*Dataset excerpt*:
╭──
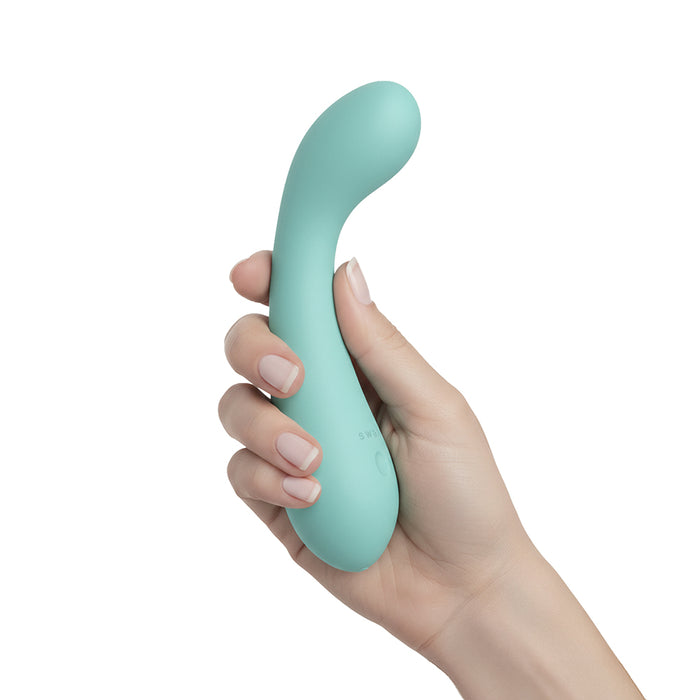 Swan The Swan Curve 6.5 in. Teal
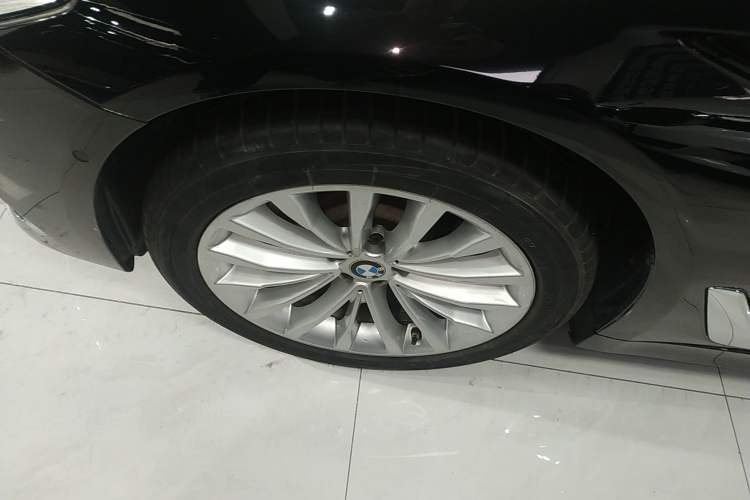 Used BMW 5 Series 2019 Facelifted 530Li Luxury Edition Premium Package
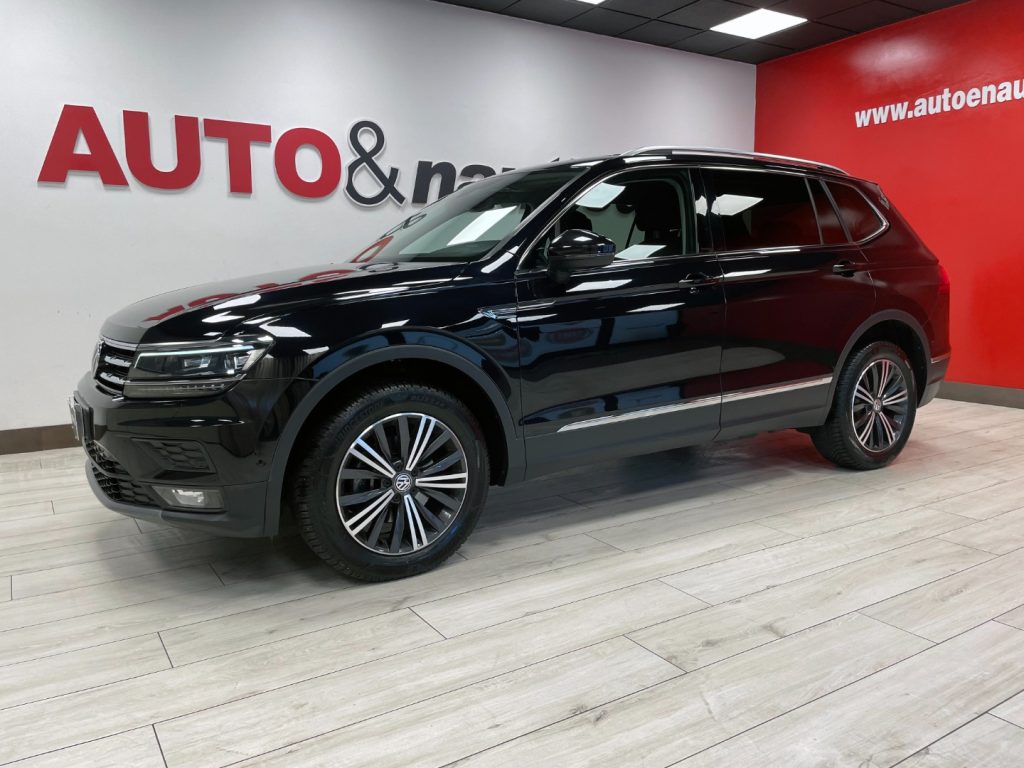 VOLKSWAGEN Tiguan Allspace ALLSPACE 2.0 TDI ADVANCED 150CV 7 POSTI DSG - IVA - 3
╰──
*Exercise details*: Only the pictures are to be left out, and all of the data must otherwise be transcribed exactly.

*Finished task*:
 Swan The Swan Curve 6.5 in. Teal
 Used BMW 5 Series 2019 Facelifted 530Li Luxury Edition Premium Package
 VOLKSWAGEN Tiguan Allspace ALLSPACE 2.0 TDI ADVANCED 150CV 7 POSTI DSG - IVA - 3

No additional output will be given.